Restate word for word the lines of the records below, starting at the line that contains "175 SE 27th" and ending at the line that contains "Used White GMC", with both of those lines included and nothing else.

Short web captions
━━━━━━━━━━━━━━━━━━━━

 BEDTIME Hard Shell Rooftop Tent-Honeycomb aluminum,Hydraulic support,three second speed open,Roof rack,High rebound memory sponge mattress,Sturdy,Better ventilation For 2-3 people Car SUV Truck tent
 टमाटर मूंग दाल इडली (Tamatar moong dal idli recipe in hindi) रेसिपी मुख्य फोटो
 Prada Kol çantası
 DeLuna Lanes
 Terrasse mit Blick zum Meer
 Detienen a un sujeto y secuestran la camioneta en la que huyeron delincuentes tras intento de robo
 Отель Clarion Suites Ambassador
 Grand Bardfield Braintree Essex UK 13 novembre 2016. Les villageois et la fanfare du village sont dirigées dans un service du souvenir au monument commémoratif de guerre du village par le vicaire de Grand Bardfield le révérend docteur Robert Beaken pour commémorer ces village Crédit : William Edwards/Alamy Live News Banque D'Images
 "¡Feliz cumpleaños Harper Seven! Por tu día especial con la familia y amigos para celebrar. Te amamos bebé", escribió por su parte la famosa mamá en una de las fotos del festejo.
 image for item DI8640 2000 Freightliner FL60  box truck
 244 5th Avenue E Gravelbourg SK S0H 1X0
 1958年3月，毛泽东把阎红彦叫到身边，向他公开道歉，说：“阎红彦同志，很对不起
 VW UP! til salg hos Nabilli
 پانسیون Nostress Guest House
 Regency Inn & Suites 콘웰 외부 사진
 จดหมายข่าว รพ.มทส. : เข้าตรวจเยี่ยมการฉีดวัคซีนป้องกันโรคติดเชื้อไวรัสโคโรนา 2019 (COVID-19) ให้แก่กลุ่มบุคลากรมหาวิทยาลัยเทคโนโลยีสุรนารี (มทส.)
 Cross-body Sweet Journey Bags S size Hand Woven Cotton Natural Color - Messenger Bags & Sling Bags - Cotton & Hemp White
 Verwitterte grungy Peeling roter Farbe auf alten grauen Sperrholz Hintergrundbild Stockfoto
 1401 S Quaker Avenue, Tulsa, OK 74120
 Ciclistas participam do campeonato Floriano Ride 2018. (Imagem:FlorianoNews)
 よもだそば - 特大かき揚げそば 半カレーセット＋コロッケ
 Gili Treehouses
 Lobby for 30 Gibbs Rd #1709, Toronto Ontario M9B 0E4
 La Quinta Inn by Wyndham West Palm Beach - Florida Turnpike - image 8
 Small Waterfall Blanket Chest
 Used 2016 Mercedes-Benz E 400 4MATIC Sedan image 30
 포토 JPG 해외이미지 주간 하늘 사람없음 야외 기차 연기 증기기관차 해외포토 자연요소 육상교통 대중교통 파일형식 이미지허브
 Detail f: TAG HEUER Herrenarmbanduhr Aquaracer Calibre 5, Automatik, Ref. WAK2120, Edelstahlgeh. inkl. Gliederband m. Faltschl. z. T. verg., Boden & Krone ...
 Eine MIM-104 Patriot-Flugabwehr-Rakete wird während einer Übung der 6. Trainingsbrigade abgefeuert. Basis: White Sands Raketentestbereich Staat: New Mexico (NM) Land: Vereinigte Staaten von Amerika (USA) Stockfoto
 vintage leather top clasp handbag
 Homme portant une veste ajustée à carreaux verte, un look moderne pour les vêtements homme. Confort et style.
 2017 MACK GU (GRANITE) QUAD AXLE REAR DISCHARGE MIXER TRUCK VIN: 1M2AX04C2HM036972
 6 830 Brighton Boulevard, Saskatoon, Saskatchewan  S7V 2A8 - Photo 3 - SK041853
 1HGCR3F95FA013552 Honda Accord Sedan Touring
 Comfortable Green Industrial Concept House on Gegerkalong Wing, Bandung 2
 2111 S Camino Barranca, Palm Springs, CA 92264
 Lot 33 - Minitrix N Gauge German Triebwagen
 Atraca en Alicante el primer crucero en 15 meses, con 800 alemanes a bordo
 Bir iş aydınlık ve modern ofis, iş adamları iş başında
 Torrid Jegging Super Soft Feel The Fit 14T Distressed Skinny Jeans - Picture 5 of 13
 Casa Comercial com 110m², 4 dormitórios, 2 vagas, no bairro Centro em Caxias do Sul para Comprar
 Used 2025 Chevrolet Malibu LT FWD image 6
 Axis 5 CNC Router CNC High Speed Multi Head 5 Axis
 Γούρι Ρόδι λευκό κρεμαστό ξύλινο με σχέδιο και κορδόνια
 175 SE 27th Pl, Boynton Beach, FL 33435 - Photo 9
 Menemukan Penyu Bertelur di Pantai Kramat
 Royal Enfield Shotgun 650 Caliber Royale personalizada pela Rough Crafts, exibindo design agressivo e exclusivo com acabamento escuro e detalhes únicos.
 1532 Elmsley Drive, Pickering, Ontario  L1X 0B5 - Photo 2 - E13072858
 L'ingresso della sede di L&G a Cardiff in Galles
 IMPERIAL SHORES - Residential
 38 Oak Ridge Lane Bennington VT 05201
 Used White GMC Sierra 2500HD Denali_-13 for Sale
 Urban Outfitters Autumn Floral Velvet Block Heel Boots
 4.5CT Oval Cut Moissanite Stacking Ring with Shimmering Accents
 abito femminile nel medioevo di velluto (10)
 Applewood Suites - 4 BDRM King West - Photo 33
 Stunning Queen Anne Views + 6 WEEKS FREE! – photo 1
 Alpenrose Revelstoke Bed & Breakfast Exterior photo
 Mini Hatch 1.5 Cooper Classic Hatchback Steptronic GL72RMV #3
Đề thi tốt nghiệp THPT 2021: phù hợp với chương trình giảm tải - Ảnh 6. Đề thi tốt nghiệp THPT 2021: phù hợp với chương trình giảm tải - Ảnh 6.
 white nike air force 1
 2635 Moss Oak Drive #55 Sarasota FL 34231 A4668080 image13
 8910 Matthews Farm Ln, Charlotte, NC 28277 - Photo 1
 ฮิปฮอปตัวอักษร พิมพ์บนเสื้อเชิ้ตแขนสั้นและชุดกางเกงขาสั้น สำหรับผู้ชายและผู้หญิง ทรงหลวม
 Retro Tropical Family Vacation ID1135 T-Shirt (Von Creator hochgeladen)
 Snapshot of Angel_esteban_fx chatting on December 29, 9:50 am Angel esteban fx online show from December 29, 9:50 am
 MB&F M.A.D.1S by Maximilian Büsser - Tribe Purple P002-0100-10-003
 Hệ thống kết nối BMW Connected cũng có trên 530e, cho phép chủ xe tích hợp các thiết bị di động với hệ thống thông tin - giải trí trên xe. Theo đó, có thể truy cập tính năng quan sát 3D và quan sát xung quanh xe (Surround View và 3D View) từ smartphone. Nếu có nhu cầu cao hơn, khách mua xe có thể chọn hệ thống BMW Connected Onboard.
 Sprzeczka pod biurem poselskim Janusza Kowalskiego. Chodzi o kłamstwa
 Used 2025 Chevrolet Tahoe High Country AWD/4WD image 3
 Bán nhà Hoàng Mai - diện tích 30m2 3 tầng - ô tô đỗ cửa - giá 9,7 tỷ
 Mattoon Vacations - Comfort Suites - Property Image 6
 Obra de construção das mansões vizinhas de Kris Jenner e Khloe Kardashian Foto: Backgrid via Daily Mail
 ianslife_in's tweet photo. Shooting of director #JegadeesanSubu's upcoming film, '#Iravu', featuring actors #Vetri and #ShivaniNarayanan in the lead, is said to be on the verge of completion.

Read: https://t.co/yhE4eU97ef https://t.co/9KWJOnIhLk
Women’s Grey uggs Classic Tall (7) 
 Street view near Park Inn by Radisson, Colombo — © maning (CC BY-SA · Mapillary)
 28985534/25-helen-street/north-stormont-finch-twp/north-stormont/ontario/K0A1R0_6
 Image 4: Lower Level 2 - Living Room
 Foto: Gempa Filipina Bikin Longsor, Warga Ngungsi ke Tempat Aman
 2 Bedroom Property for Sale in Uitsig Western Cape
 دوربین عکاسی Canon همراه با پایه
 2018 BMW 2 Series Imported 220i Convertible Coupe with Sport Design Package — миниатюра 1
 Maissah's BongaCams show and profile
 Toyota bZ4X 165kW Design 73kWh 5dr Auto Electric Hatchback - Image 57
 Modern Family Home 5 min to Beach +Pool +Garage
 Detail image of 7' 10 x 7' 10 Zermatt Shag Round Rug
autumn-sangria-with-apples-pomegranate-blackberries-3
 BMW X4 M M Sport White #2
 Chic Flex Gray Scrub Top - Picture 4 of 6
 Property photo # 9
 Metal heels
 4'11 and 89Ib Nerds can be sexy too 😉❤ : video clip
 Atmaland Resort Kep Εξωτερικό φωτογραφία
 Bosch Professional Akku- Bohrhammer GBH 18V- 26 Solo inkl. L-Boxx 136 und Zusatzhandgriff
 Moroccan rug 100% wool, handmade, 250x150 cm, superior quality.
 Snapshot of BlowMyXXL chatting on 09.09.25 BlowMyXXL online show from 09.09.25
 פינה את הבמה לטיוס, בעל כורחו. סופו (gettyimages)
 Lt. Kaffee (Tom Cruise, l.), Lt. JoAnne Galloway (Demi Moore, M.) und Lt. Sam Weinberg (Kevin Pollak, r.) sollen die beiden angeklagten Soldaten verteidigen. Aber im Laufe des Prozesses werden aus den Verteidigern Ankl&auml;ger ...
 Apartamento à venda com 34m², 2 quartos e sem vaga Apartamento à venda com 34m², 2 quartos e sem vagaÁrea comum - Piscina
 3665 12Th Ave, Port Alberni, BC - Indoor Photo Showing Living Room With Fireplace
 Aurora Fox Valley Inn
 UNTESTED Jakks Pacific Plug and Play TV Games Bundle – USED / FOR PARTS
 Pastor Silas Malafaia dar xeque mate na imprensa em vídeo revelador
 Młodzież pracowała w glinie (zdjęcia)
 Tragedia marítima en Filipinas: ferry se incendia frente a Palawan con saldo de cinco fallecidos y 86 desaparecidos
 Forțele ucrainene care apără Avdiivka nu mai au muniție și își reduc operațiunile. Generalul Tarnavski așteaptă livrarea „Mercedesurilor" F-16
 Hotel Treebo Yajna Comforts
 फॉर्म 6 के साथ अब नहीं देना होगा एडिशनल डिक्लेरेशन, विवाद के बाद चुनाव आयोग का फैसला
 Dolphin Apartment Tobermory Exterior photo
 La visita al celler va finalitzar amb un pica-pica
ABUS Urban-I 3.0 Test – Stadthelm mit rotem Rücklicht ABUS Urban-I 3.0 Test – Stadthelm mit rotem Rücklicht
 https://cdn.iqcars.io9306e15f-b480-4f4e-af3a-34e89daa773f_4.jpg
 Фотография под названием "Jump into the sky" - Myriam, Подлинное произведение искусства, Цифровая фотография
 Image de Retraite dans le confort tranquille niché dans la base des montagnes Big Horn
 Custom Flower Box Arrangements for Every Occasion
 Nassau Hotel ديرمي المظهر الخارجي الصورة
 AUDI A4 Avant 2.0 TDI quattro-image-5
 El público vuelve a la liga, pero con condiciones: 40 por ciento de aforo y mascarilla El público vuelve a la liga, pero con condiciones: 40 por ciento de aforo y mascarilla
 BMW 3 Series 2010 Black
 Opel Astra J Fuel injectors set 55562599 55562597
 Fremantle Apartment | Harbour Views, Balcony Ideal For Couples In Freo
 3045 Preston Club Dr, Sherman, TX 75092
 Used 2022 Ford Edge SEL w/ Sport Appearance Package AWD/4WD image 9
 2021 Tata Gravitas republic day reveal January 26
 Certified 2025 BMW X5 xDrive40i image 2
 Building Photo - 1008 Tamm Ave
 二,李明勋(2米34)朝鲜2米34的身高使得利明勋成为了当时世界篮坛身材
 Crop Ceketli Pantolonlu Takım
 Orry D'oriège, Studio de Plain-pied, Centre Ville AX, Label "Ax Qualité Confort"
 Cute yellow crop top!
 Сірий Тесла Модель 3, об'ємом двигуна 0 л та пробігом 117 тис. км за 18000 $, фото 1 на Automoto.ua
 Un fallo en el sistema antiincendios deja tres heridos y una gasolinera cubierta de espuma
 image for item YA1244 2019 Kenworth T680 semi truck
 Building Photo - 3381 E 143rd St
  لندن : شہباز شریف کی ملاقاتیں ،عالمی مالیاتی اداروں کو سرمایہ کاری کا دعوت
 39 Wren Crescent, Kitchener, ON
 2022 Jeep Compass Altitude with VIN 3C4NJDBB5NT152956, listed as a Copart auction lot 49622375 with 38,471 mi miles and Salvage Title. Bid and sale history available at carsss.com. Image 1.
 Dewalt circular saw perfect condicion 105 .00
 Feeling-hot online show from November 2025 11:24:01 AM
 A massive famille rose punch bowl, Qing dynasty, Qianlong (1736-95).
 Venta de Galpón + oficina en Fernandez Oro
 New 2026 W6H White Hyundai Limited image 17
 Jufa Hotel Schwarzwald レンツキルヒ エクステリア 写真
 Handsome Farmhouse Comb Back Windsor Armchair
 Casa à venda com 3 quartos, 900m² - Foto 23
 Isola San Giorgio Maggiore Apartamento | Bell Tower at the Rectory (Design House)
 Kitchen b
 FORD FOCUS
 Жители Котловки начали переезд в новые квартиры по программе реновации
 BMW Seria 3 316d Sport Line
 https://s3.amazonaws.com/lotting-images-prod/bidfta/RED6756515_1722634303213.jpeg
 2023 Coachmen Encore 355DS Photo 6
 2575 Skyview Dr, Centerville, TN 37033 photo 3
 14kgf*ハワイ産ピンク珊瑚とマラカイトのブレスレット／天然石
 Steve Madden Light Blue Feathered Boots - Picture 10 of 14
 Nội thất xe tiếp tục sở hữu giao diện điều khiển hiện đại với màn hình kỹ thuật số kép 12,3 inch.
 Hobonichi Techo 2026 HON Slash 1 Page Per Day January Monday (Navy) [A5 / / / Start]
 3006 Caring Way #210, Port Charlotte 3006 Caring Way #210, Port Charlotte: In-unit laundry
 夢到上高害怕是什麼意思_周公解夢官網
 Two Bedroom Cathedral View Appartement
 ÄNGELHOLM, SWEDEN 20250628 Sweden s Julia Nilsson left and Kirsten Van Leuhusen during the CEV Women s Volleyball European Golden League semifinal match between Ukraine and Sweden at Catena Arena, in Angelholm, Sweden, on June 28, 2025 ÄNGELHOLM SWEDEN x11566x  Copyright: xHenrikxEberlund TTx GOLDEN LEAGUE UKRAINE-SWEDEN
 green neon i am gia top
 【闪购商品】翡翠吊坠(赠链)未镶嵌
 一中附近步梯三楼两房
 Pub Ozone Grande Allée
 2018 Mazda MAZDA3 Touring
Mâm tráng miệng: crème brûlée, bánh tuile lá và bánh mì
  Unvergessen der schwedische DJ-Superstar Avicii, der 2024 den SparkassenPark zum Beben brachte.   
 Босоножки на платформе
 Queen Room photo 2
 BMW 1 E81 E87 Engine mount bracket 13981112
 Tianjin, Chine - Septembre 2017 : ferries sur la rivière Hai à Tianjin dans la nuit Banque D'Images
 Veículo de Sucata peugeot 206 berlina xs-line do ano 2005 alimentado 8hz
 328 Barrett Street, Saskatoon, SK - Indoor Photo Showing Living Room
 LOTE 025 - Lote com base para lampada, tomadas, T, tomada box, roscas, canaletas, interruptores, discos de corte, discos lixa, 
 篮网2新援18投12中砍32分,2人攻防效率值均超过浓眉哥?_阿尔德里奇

━━━━━━━━━━━━━━━━━━━━

SOLUTION TO THE EXERCISE =
 175 SE 27th Pl, Boynton Beach, FL 33435 - Photo 9
 Menemukan Penyu Bertelur di Pantai Kramat
 Royal Enfield Shotgun 650 Caliber Royale personalizada pela Rough Crafts, exibindo design agressivo e exclusivo com acabamento escuro e detalhes únicos.
 1532 Elmsley Drive, Pickering, Ontario  L1X 0B5 - Photo 2 - E13072858
 L'ingresso della sede di L&G a Cardiff in Galles
 IMPERIAL SHORES - Residential
 38 Oak Ridge Lane Bennington VT 05201
 Used White GMC Sierra 2500HD Denali_-13 for Sale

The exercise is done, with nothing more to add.